Rappresenta il prototipo del cavaliere bluecollar (blue collar, letteralmente colletto blu, parola del gergo americano per definire gli operai a causa delle tute blu che indossano ndr) errante. Ha tutte le virtù che la maggior parte delle persone ammira e vorrebbe avere: coraggio, senso dell’onore, sincerità, grande pazienza e capacità di accettazione. Ultima qualità, ma non meno importante delle altre anzi, Dave Robicheaux cerca di dar voce a tutti coloro che non ne hanno alcuna, che poi di solito sono i più deboli, gli ultimi della società.
Soprattutto nel ciclo delle storie dedicato a Dave Robicheaux, la natura della Louisiana non costituisce solo un fondale, un’ambientazione ma è piuttosto una parte essenziale della storia, un personaggio vero e proprio che ne pensi? Sei d’accordo?
Penso che il motivo di una simile scelta sia legata agli scrittori che hanno certamente influenzato il mio stile, autori naturalisti come John Steinbeck, James T. Farrell e John Dos Passos. Secondo me luoghi e ambientazione sono personaggi chiave di un romanzo. Aggiungi che fra coloro che ammiro vanno inseriti i nomi di almeno tre grandi cantori del Sud come Erskine Caldwell, William Faulkner e Tennessee Williams e il quadro complessivo è ancora più chiaro.
Che tipo di ricerche conduci per scrivere i tuoi romanzi?
Davvero niente di particolare. Tendenzialmente cerco di curare i dettagli, verifico le date, insomma quel genere di piccole verifiche che si fanno per avere una corretta sequenza cronologica, ma non ho mai condotto quella che potremmo seriamente definire una ricerca su un determinato tema o storia per poi scrivere un libro.
Abbastanza recentemente hai scritto un racconto intitolato Jesus out to Sea, ancora inedito in Italia, e un romanzo L’urlo del vento, pubblicato da Fanucci, che fotografano la tragedia dell’uragano Katrina. La domanda è: come potrà rinascere New Orleans dopo quello che è accaduto?
Non credo di essere in grado di rispondere a questa domanda. Come dici giustamente tu la distruzione di New Orleans ha un solo nome: tragedia. Nel bene e nel male, penso proprio che la vecchia Louisiana sia andata perduta per sempre.
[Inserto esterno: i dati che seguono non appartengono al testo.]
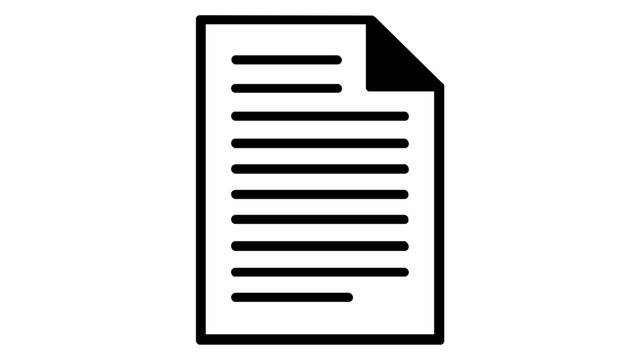 Clean vector icon of a paper stack log file with horizontal lines, representing business reports and data sheets in a minimalist design suitable for office software and digital assets.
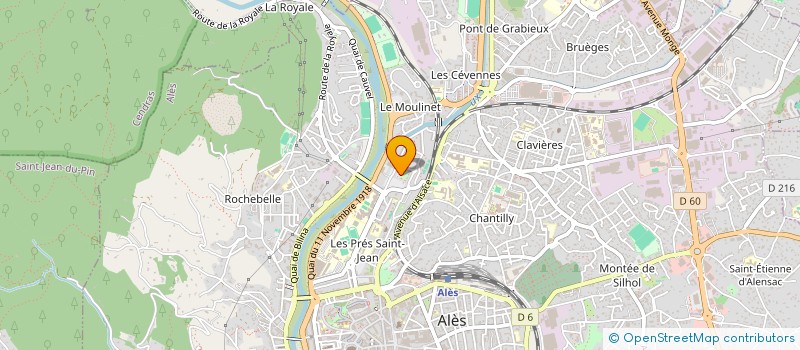 localisation de l'entreprise ASS GERMINAL  ALES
Anche il blues ha un ruolo importante nei tuoi romanzi, soprattutto in alcuni dedicati a Dave Robicheaux come ad esempio La ballata di Jolie Blon uscito per Meridiano Zero. Puoi dirmi due parole sul ruolo che ha la musica nei tuoi libri?
Ho sempre suonato la chitarra ogni giorno della mia vita negli ultimi quarantasei anni e non ho mai fatto significativi miglioramenti. Qualsiasi cosa io suoni, sento porte di casa che si chiudono. Non so esattamente cosa significhi.
Che tipo di scrittori ami leggere?
Solamente quelli molto bravi. Se vuoi imparare a scrivere davvero devi leggere solo buoni autori e non leggerne mai, nemmeno uno, di mediocre. Fra questi ultimi includerei quelli melensi, quelli ignoranti e quelli che si sputtanano.
A quale progetto stai lavorando in questi giorni?
Al nuovo romanzo che ho appena pubblicato: Swan Peak. Anche questo è dedicato a Dave Robicheaux ma questa volta ho deciso di spostare l’azione nel Montana.